23. There are two telephone companies provide home phone service in New York City. Company A charges $25 monthly fee and $0.10 for one minute after 30 minutes phone call. Company B charges $20 monthly fee and $0.12 for one minute after 30 minutes phone call. By what minutes, these two companies will charge the same?
I have:
A:25.00+0.10(m-30)
B:20.00+0.12(m-30)
For m minutes,
A: 25.00+0.10(m-30)
B: 20.00+0.12(m-30)
So, just solve for m when A=B
Kind of strange wording for a math problem in school.
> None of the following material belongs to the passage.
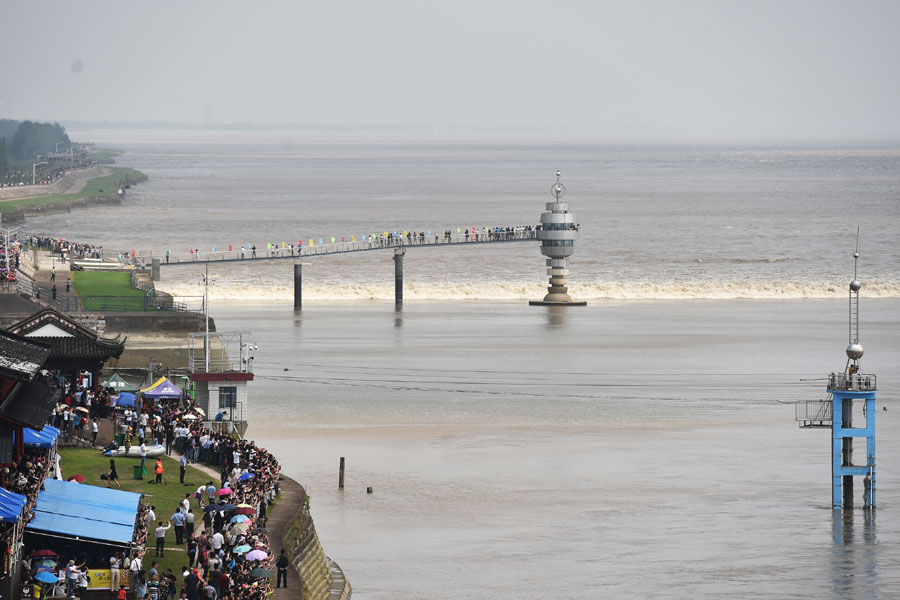 People watch tide of Qiantang River in East China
The only way it would make since is if it were 2 part question to the solve for x minutes.
To find the number of minutes at which the two companies will charge the same, we need to set up an equation where the total cost from Company A equals the total cost from Company B.
Let's set up the equation using the given information:
For Company A:
Total Cost from A = $25.00 + $0.10(m - 30)
where m represents the total number of minutes of the phone call.
For Company B:
Total Cost from B = $20.00 + $0.12(m - 30)
To find the number of minutes at which both companies charge the same, we need to solve for m in the equation:
$25.00 + $0.10(m - 30) = $20.00 + $0.12(m - 30)
Now, let's solve this equation step by step:
Step 1: Distribute the coefficients outside the parentheses:
$25.00 + $0.10m - $0.10(30) = $20.00 + $0.12m - $0.12(30)
Step 2: Simplify the equation:
$25.00 + $0.10m - $3.00 = $20.00 + $0.12m - $3.60
Step 3: Combine like terms:
$22.00 + $0.10m = $16.40 + $0.12m
Step 4: Subtract $0.10m and $16.40 from both sides of the equation:
$22.00 - $16.40 = $0.12m - $0.10m
Step 5: Simplify and solve for m:
$5.60 = $0.02m
Step 6: Divide both sides of the equation by $0.02 to isolate m:
m = $5.60 / $0.02
Step 7: Simplify to find the number of minutes at which both companies charge the same:
m = 280
Therefore, the two companies will charge the same after 280 minutes of phone call.